[Data to process — start]
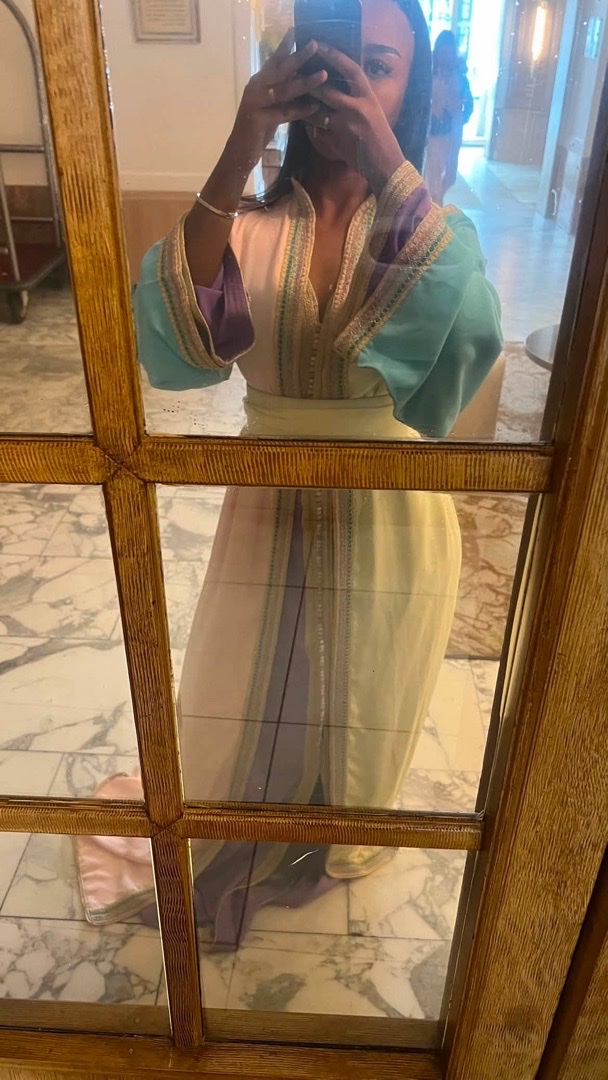 caftan pastel 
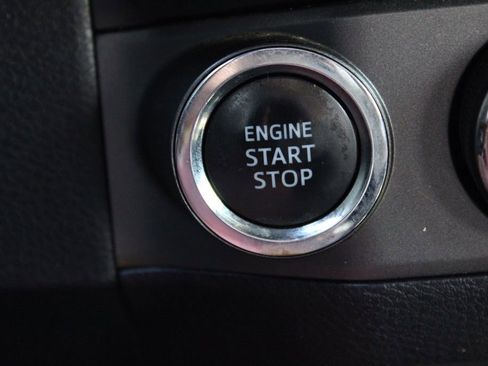 Used 2016 Toyota Tacoma TRD Off-Road w/ Exterior Package image 32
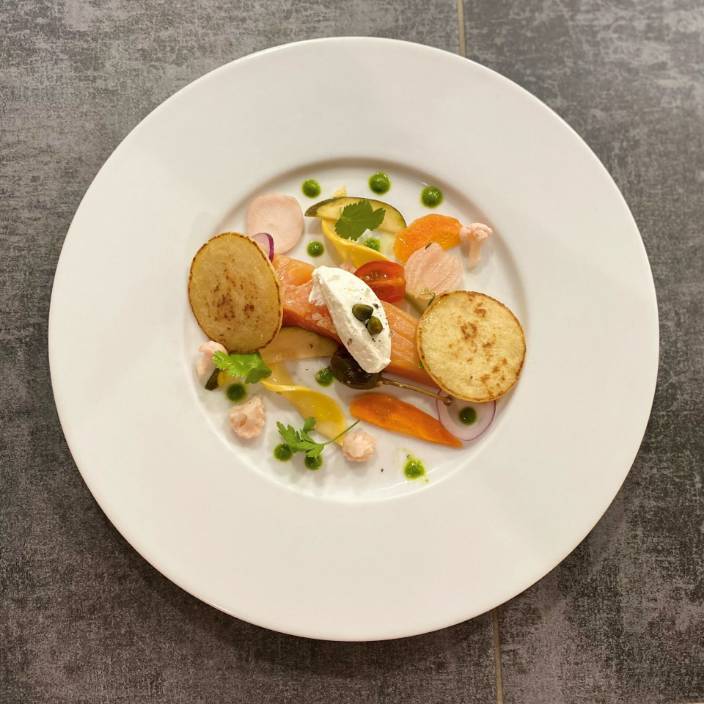 Assiette gastronomique avec légumes du restaurant Bacchus à Saint-Martin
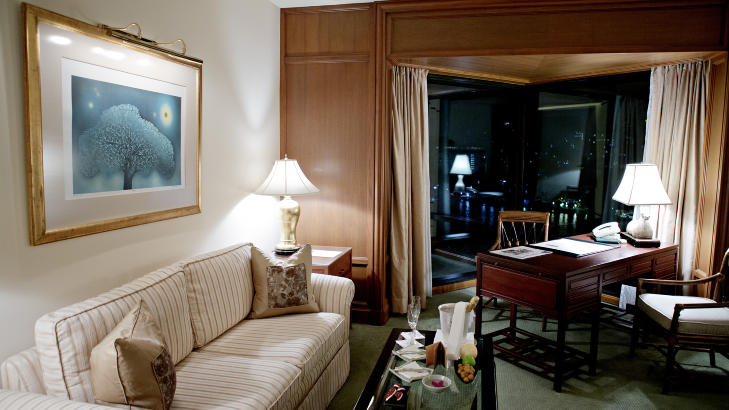 STANDARD: Et av standardrommene p� The Peninsula Bangkok.
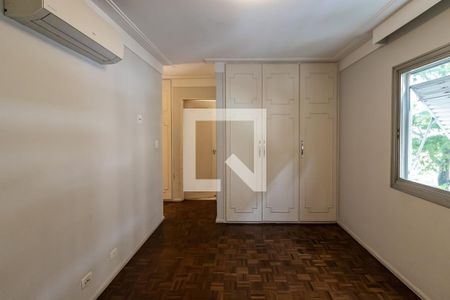 Apartamento à venda com 105m², 2 quartos e 1 vagaSuíte
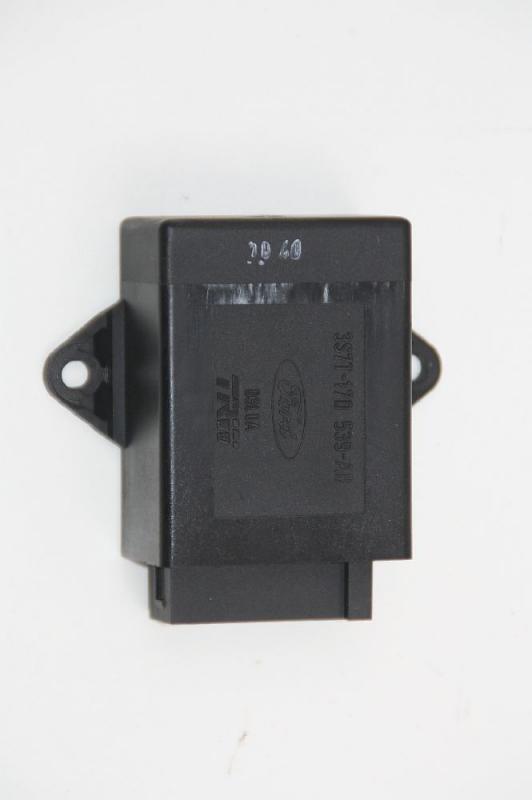 Preview: Relais 3S7T17D539AB Ford MONDEO 3 Turnier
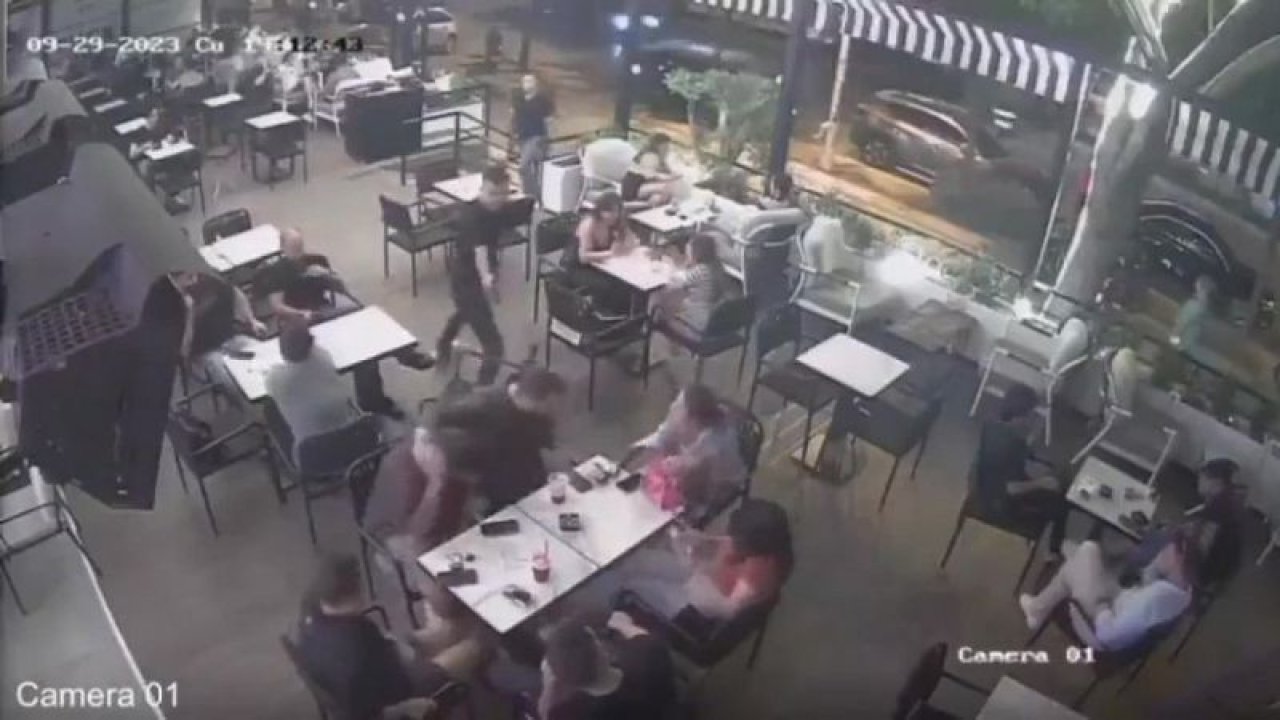 Kafede arkadaşlarıyla otururken kurşun yağmuruna tutuldu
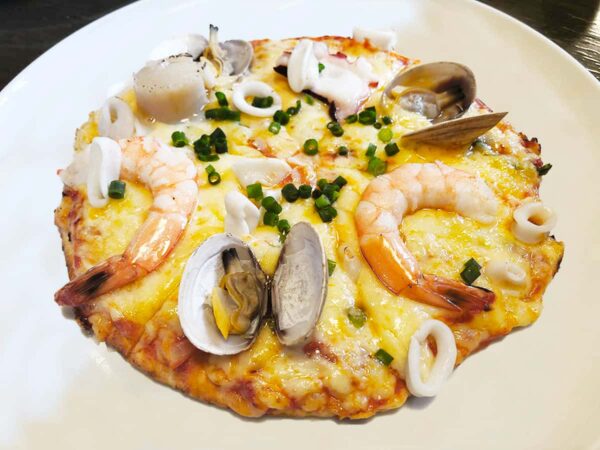 東京 福生 Pizza＆イタリアンレストラン NICOLA｜シーフードピザ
[Data to process — finish]
Reproduce the data above in full, exactly, with the images removed.

 caftan pastel 
 Used 2016 Toyota Tacoma TRD Off-Road w/ Exterior Package image 32
 Assiette gastronomique avec légumes du restaurant Bacchus à Saint-Martin
 STANDARD: Et av standardrommene p� The Peninsula Bangkok.
 Apartamento à venda com 105m², 2 quartos e 1 vagaSuíte
 Preview: Relais 3S7T17D539AB Ford MONDEO 3 Turnier
 Kafede arkadaşlarıyla otururken kurşun yağmuruna tutuldu
 東京 福生 Pizza＆イタリアンレストラン NICOLA｜シーフードピザ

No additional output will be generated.